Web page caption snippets
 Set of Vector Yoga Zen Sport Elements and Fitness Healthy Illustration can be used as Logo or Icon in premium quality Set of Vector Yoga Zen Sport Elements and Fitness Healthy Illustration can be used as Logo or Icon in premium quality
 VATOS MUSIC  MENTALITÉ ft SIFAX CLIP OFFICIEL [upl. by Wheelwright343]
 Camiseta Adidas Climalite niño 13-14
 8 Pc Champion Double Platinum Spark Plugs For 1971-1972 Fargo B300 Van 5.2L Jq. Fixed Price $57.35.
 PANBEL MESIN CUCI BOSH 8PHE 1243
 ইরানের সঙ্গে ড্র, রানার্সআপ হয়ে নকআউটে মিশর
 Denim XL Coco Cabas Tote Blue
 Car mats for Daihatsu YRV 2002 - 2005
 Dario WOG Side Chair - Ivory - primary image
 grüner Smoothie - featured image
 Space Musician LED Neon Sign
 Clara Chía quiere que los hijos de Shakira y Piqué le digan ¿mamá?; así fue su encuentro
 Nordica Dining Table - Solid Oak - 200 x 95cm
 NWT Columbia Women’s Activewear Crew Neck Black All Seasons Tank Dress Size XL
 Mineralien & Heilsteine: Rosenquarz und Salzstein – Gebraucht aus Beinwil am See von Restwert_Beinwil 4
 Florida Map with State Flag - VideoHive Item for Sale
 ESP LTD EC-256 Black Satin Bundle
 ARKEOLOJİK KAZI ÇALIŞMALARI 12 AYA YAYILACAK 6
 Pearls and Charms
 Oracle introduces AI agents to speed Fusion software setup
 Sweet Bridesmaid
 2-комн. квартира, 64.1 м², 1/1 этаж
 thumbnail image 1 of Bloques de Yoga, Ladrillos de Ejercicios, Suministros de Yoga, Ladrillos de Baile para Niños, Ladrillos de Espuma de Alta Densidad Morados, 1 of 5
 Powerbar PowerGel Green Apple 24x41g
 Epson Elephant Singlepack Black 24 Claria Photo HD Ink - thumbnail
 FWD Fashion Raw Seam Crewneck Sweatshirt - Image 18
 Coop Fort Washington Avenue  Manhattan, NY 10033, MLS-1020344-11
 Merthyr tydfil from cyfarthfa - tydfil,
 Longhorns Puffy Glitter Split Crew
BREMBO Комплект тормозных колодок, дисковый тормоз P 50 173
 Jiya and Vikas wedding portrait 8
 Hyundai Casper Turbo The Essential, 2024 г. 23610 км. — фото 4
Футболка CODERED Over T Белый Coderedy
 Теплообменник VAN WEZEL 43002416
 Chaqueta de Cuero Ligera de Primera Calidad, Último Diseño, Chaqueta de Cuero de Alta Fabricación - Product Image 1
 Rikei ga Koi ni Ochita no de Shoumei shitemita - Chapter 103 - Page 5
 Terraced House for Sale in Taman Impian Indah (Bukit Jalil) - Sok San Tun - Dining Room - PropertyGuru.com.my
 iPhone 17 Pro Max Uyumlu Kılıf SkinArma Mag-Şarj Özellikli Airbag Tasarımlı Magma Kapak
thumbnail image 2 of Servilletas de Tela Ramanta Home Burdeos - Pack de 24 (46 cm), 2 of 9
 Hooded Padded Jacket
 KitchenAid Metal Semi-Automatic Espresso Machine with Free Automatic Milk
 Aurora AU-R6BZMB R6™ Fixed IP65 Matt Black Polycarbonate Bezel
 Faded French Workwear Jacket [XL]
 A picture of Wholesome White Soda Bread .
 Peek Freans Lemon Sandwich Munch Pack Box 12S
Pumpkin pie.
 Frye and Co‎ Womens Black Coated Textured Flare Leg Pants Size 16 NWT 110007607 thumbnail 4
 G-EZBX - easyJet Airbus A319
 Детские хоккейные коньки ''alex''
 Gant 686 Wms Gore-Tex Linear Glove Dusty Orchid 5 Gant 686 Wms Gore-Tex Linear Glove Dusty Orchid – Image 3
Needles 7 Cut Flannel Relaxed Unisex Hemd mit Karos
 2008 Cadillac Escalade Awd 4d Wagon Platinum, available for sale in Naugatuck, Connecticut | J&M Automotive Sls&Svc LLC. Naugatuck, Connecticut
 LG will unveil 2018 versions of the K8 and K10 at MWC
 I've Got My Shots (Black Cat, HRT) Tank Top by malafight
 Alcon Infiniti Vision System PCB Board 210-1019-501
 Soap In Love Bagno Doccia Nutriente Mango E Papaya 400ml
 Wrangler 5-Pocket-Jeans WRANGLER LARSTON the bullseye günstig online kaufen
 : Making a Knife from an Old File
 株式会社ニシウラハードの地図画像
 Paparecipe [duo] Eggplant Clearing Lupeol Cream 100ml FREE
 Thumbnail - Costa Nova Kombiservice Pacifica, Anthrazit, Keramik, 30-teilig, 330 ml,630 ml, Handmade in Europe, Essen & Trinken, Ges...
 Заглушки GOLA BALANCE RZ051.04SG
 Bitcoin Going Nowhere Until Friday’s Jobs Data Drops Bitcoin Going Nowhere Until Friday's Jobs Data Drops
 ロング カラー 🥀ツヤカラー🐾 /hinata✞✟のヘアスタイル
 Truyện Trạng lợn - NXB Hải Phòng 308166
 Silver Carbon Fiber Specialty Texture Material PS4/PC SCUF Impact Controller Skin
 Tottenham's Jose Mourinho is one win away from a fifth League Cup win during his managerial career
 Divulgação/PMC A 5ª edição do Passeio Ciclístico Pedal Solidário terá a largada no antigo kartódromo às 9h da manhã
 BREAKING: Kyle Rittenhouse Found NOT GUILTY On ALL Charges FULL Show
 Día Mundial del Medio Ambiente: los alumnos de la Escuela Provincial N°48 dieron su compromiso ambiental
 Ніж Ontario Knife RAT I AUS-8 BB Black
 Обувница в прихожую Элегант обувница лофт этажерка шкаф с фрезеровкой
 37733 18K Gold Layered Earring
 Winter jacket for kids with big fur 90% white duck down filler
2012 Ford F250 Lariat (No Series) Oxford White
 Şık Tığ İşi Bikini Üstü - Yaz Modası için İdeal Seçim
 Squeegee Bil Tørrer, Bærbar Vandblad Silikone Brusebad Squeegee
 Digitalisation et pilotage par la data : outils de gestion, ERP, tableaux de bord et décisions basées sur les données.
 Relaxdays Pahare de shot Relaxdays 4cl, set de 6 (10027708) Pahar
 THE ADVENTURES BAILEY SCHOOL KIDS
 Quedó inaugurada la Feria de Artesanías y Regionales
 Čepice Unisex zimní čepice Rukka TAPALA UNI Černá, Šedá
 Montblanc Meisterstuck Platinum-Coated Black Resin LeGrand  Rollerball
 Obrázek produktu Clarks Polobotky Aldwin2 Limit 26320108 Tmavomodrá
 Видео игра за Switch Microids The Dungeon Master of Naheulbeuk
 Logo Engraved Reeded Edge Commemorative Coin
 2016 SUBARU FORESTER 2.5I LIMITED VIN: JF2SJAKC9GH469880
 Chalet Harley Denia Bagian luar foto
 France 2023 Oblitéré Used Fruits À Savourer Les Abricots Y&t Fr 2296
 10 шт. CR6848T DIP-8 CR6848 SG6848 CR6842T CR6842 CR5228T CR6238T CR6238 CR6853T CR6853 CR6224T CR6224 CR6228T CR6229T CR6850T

→ **Task statement**
Transcribe each line of the data above, unaltered, from the one where "Thumbnail - Costa" appears to the one where "Bitcoin Going Nowhere Until Friday’s" appears, inclusive of both.

→ **Response to the task**
 Thumbnail - Costa Nova Kombiservice Pacifica, Anthrazit, Keramik, 30-teilig, 330 ml,630 ml, Handmade in Europe, Essen & Trinken, Ges...
 Заглушки GOLA BALANCE RZ051.04SG
 Bitcoin Going Nowhere Until Friday’s Jobs Data Drops Bitcoin Going Nowhere Until Friday's Jobs Data Drops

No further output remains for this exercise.